4. Quais as críticas ao projeto?

Quando o texto foi apresentado pelo Executivo federal, governadores do Sul e do Sudeste, incluindo o governador do Rio de Janeiro, Cláudio Castro (PL), assinaram um documento intitulado “Carta de Florianópolis”, no qual se posicionavam contra o texto. O argumento é que ele centralizaria as forças de segurança sob o guarda-chuva da União:

“As regiões Sul e Sudeste têm hoje, de forma geral, sistemas de segurança eficientes já estabelecidos (...) Somos contra qualquer proposta que enfraqueça os Estados e reduza sua capacidade de agir de forma rápida e adequada às necessidades locais. A segurança pública deve ser construída com base na colaboração, no respeito às diferenças regionais e no fortalecimento das capacidades locais, e não por meio de uma estrutura centralizada que limita a eficiência e amplifica a burocracia” — Carta de Florianópolis, publicada em 23.nov.2024.

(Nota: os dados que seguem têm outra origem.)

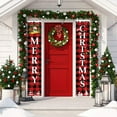 thumbnail image 3 of Merry Christmas Banner Christmas Porch Sign Decorations - Red Black Buffalo Plaid Outdoor Xmas Decor, Hanging Christmas Banner for Indoor Outside Front Door Garage Holiday Party Wall Decor, 3 of 9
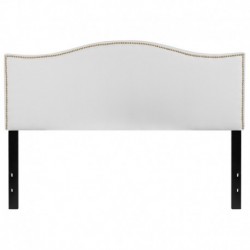 MFO Penelope Collection Queen Size Headboard with Accent Nail Trim in White Fabric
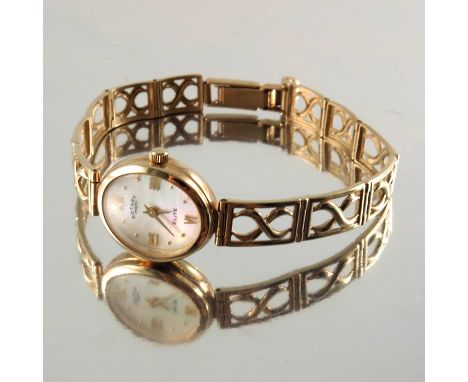 Rotary, a lady's 9ct gold Elite wrist watch, quartz movement, with mother-of-pearl dial, hallmarks for London, box and papers
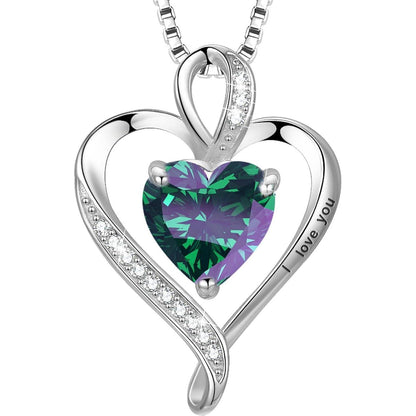 Silber Herz Kette Damen "I love you" mit Geburtsstein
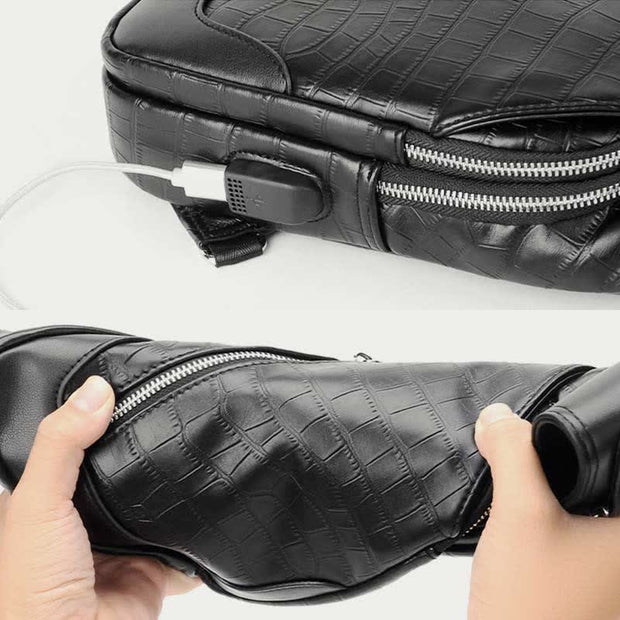 Crocodile Grain Leather Sling Backpack Shoulder Bag for Men Travel Daypack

O projeto continuou sendo alvo de críticas de governadores nos meses seguintes:

  • Ronaldo Caiado (União Brasil-GO), uma das principais vozes discordantes, classificou a PEC como “armadilha” do governo federal e alegou que o projeto daria o controle da segurança pública ao Ministério da Justiça;
  • Eduardo Leite (PSD-RS), que participou de uma audiência pública sobre o tema na Câmara dos Deputados, disse ser contra interferências na gestão regional da segurança pública porque, segundo ele, as forças estaduais possuem expertise no combate ao crime em suas localidades;
  • Tarcísio de Freitas (Republicanos-SP) disse em outubro do ano passado que a proposta é bem-vinda, mas que ainda não está pronta e carece de mudanças que levem em conta as sugestões dos governadores.

O governo nega que o projeto prevê que a União invada o espaço das gestões estaduais: “A norma proposta, com a padronização de protocolos, informações e dados estatísticos, não implica que a União centralizará os sistemas de tecnologia da informação. A autonomia dos estados será preservada. Não haverá ingerência nos comandos das polícias estaduais e nem modificação da atual competência dos estados e municípios na gestão da segurança”.

O projeto também foi criticado por especialistas em segurança pública convidados para as audiências públicas da Comissão Especial da Câmara.

Lincoln Gakiya, promotor do MPSP (Ministério Público de São Paulo) e um dos principais especialistas em crime organizado do país, acredita que o texto, da forma como está, pode dar margem à interpretação de que o combate às organizações criminosas seria uma atribuição exclusiva da PF.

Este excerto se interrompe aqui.